RECORDED DATA Block Start

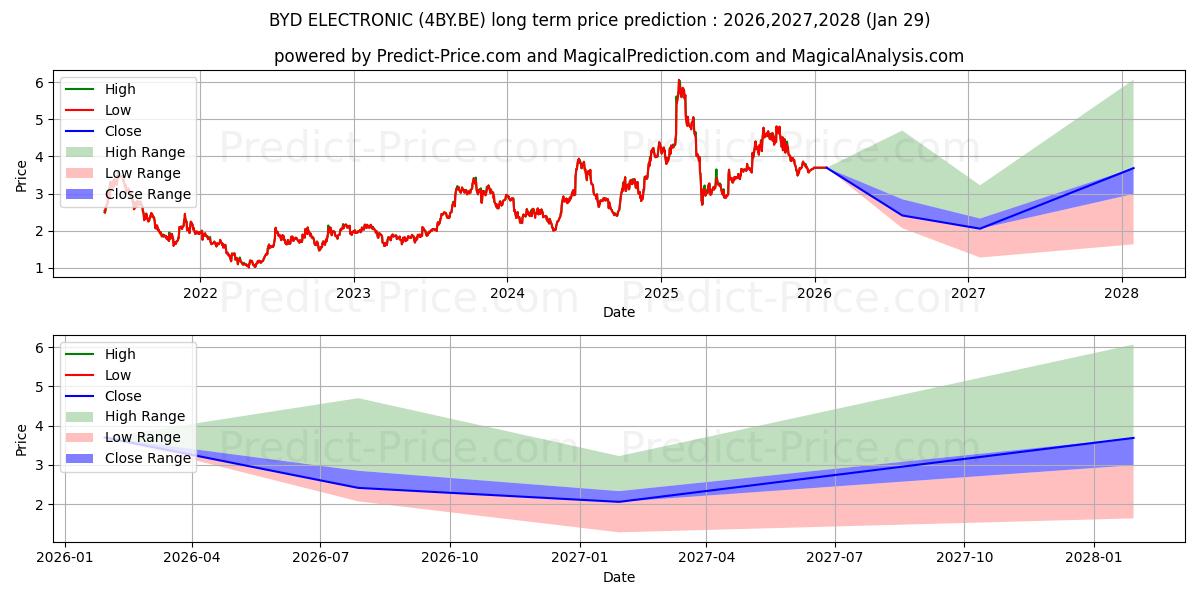 Maximum and minimum BYD ELECTRONIC long-term price forecast for 2026,2027,2028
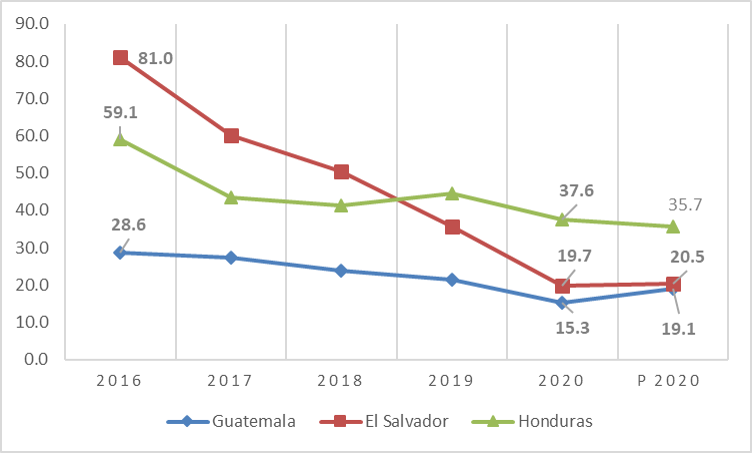 Tasas
de homicidio en la región norte de Centroamérica (2016-2020)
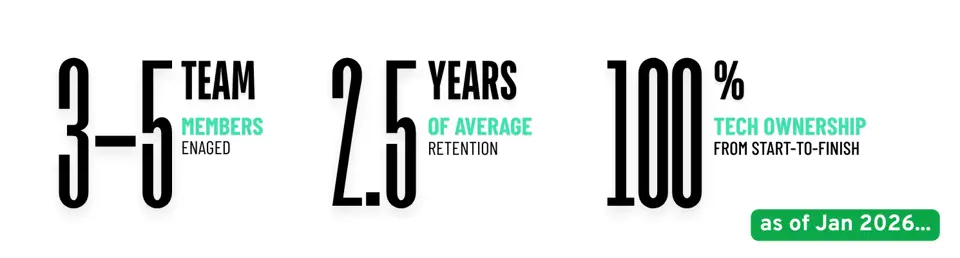Offshore Development Center (ODC) for Manufacturing ERP SaaS Development-Team-Overview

RECORDED DATA Block End

--- PROBLEM REQUIREMENTS ---
Copy out all the data above exactly, pictures excluded.

--- RESPONSE AREA ---
 Maximum and minimum BYD ELECTRONIC long-term price forecast for 2026,2027,2028
 Tasas
de homicidio en la región norte de Centroamérica (2016-2020)
Offshore Development Center (ODC) for Manufacturing ERP SaaS Development-Team-Overview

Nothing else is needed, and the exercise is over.